Judas gives the signal by kissing Jesus who is taken into
custody while the disciples fled.
That night Judas’ conscious attacked him. He had SOLD Christ
for 30 pieces of silver! And he knew that Jesus was innocent. Early Friday he
tries to get the money back, but the priests won’t take it, so he throws it on
the floor at their feet and runs to hang himself at the edge of a cliff. The
rope breaks and he falls down into a field bursting open. Later the priests
used the “blood money” to make this land into a graveyard for strangers.
What can we learn from Judas? Judas started with a favorable
impression of Jesus. And he had faith in what He could do. But that didn’t
equal salvation. It takes more then believing in the miracles. He expected the
wrong thing from Jesus and that led to disillusionment.

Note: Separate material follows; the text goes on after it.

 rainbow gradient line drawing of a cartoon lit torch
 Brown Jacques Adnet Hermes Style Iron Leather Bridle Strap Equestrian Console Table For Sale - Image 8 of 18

There are people today who believe the facts about Jesus,
but they are disillusioned because He’s not doing what they want Him to do. So
they turn away from Him and to the world for their help. This leads to
rebellion and then to ruin.
We think that Judas was the worst betrayer ever. But he wasn’t. We are worse
because we know more! We’ve seen that Christ died and rose for our sins. And
yet we betray Him with our disobedience and lack of faith, our judgment of what
He does or doesn’t do for us, every single day.
But the good news is, Christ will forgive us at any step
whenever we ask. We need to trust Him, His will, and His work completely.